START SOURCE DATA

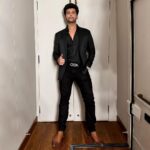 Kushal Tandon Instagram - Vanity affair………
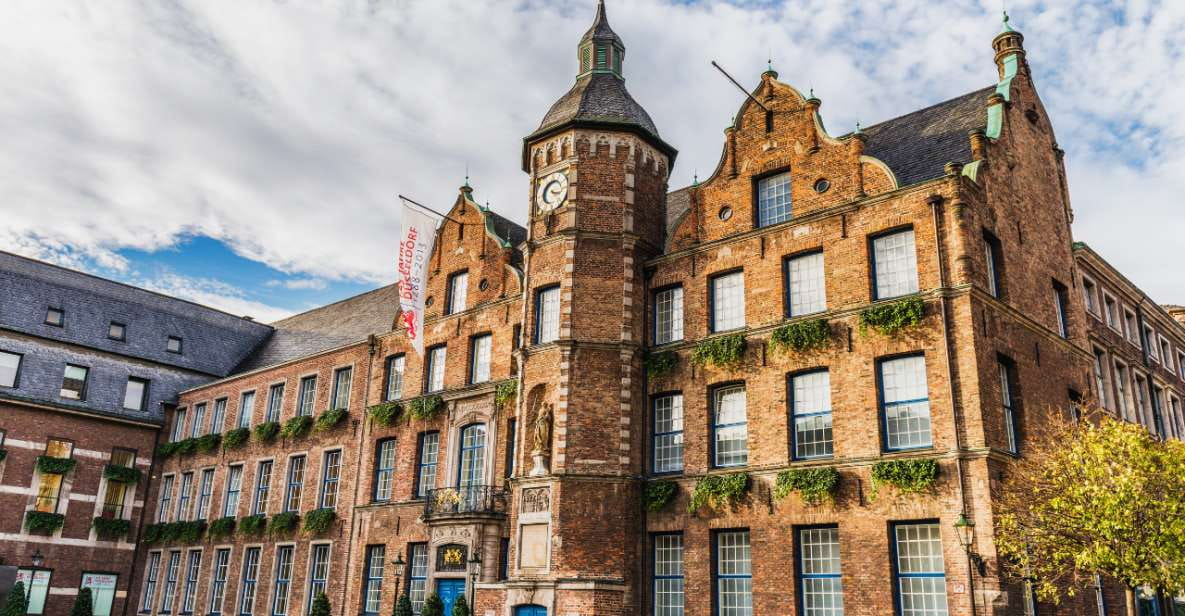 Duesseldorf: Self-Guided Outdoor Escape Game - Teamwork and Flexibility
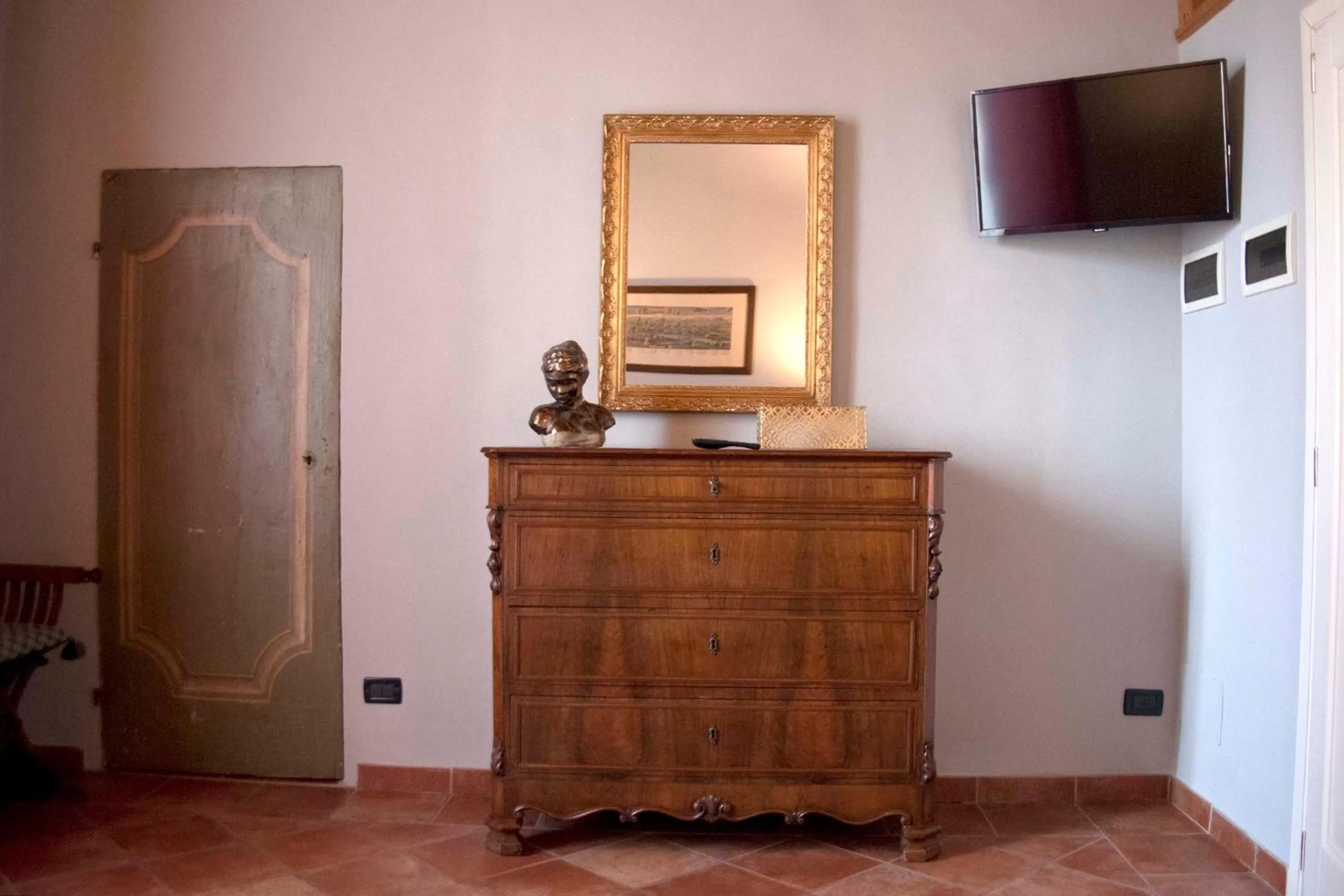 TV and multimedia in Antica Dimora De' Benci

END SOURCE DATA

- **WORK TO BE COMPLETED**: Return the data exactly. Pictures stay out.

- **RESULT BELOW**:
 Kushal Tandon Instagram - Vanity affair………
 Duesseldorf: Self-Guided Outdoor Escape Game - Teamwork and Flexibility
 TV and multimedia in Antica Dimora De' Benci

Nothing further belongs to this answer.